WHAT NEEDS TO BE DONE. Scan the records below for the word "image". Copy each line where it appears.

SUPPLIED DATA.
──────
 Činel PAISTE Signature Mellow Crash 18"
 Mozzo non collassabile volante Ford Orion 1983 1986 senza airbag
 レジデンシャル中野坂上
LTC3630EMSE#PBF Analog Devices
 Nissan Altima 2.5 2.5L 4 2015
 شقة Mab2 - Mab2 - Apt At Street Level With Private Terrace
──────
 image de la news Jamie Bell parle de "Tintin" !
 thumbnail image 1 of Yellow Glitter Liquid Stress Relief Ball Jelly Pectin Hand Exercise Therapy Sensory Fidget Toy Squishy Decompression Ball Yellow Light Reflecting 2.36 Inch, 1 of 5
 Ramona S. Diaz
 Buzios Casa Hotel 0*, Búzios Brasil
──────
ANSWER AREA.
 image de la news Jamie Bell parle de "Tintin" !
 thumbnail image 1 of Yellow Glitter Liquid Stress Relief Ball Jelly Pectin Hand Exercise Therapy Sensory Fidget Toy Squishy Decompression Ball Yellow Light Reflecting 2.36 Inch, 1 of 5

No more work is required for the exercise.